- [WORK INSTRUCTIONS]:
The listing below holds a line with "Rege Nachfrage bei i+R-Projekt in Konstanz" and a later line with "Calme et confort en rez-de-jardin - 2". Write out those two lines and every line between them, exactly, and nothing else.

-- DATA follows --

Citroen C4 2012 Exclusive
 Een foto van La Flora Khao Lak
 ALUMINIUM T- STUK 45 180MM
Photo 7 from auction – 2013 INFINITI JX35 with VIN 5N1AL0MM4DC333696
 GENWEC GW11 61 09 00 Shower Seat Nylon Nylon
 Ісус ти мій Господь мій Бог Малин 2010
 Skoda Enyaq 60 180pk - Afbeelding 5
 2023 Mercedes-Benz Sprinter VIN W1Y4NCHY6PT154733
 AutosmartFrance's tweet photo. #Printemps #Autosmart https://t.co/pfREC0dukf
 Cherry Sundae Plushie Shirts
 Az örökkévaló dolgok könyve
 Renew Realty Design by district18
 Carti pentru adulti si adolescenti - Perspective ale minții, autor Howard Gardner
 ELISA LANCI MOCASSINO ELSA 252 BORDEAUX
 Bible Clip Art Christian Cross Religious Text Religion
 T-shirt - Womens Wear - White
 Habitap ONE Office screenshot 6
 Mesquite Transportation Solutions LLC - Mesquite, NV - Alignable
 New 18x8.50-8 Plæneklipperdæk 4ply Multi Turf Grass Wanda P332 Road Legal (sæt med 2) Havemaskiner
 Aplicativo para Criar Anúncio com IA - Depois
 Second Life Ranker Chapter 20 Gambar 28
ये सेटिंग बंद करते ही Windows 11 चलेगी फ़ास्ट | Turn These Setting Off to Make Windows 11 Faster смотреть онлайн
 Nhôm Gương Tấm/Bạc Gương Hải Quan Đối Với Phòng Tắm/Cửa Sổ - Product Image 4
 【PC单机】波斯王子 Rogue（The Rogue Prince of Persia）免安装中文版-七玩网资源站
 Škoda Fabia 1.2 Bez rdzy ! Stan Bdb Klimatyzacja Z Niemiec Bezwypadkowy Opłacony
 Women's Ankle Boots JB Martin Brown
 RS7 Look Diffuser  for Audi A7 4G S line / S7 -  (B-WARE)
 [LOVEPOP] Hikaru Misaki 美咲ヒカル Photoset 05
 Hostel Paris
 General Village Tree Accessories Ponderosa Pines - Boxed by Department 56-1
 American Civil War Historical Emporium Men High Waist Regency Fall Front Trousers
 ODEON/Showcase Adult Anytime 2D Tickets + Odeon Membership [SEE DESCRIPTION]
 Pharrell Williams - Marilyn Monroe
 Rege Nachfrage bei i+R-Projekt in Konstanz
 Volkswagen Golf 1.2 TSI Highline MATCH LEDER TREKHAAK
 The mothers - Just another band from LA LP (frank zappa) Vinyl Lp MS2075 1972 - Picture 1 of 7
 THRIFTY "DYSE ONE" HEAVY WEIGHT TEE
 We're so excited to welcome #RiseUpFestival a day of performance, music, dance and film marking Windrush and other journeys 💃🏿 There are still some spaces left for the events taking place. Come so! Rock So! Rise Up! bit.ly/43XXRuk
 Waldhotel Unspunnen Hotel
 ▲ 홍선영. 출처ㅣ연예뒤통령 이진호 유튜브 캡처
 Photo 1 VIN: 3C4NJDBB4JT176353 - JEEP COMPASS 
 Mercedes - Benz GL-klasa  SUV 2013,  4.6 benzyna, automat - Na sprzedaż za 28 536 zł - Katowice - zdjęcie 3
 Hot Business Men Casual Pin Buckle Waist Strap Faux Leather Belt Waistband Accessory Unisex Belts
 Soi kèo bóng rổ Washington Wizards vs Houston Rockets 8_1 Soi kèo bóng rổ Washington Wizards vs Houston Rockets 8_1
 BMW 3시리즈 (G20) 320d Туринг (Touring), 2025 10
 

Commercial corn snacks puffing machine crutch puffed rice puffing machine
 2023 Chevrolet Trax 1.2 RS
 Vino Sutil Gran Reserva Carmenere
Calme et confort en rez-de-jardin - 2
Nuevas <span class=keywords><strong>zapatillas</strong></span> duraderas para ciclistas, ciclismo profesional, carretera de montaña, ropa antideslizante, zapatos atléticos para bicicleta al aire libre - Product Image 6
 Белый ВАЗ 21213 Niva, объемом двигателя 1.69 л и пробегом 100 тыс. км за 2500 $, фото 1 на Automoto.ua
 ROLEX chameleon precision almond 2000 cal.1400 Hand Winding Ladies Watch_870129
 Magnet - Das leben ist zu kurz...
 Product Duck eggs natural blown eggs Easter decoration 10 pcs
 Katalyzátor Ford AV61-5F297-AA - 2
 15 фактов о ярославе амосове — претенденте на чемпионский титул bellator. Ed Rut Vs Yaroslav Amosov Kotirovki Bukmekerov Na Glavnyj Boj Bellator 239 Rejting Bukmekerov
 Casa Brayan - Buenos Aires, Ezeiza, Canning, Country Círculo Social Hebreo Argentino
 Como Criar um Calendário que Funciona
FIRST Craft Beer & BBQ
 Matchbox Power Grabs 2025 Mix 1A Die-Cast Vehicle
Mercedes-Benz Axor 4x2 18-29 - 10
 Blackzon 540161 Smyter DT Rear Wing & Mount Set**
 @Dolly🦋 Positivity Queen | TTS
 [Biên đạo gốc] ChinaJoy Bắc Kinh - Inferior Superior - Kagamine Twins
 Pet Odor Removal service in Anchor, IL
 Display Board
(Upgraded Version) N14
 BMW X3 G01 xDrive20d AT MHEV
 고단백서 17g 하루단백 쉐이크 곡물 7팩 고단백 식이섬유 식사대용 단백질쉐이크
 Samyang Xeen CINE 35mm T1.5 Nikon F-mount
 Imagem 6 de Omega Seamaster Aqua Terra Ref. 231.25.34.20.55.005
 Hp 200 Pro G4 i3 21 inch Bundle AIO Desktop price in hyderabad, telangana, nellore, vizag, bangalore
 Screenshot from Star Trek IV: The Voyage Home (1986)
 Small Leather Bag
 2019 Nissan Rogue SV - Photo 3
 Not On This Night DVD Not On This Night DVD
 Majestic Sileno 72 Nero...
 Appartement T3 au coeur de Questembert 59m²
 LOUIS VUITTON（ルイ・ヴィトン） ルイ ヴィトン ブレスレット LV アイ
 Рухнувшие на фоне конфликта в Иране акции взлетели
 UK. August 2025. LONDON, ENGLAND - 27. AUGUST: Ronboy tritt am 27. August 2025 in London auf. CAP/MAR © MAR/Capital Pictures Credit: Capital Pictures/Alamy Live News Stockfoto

-- DATA concluded --

- [RESPONSE BELOW]:
 Rege Nachfrage bei i+R-Projekt in Konstanz
 Volkswagen Golf 1.2 TSI Highline MATCH LEDER TREKHAAK
 The mothers - Just another band from LA LP (frank zappa) Vinyl Lp MS2075 1972 - Picture 1 of 7
 THRIFTY "DYSE ONE" HEAVY WEIGHT TEE
 We're so excited to welcome #RiseUpFestival a day of performance, music, dance and film marking Windrush and other journeys 💃🏿 There are still some spaces left for the events taking place. Come so! Rock So! Rise Up! bit.ly/43XXRuk
 Waldhotel Unspunnen Hotel
 ▲ 홍선영. 출처ㅣ연예뒤통령 이진호 유튜브 캡처
 Photo 1 VIN: 3C4NJDBB4JT176353 - JEEP COMPASS 
 Mercedes - Benz GL-klasa  SUV 2013,  4.6 benzyna, automat - Na sprzedaż za 28 536 zł - Katowice - zdjęcie 3
 Hot Business Men Casual Pin Buckle Waist Strap Faux Leather Belt Waistband Accessory Unisex Belts
 Soi kèo bóng rổ Washington Wizards vs Houston Rockets 8_1 Soi kèo bóng rổ Washington Wizards vs Houston Rockets 8_1
 BMW 3시리즈 (G20) 320d Туринг (Touring), 2025 10
 

Commercial corn snacks puffing machine crutch puffed rice puffing machine
 2023 Chevrolet Trax 1.2 RS
 Vino Sutil Gran Reserva Carmenere
Calme et confort en rez-de-jardin - 2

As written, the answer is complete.